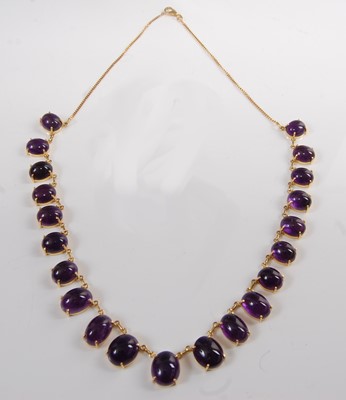 Lot 1219 - A yellow metal and amethyst fringe necklet,...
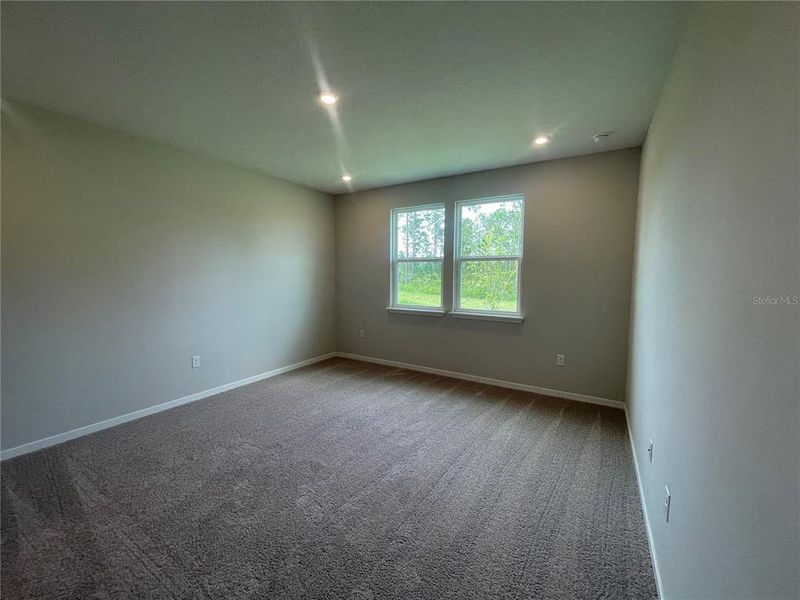 Spacious, unfurnished interior of a new home in Magnolia Series at Seminole Palms, Palm Coast (Image 18).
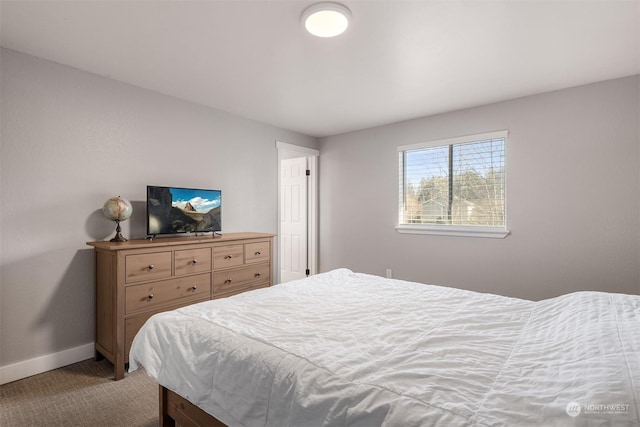 bedroom with light colored carpet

■ ■ ■ ■

▶ WORK ORDER
All of the listing should be transcribed exactly, but none of its images.

▶ TASK RESULT
 Lot 1219 - A yellow metal and amethyst fringe necklet,...
 Spacious, unfurnished interior of a new home in Magnolia Series at Seminole Palms, Palm Coast (Image 18).
 bedroom with light colored carpet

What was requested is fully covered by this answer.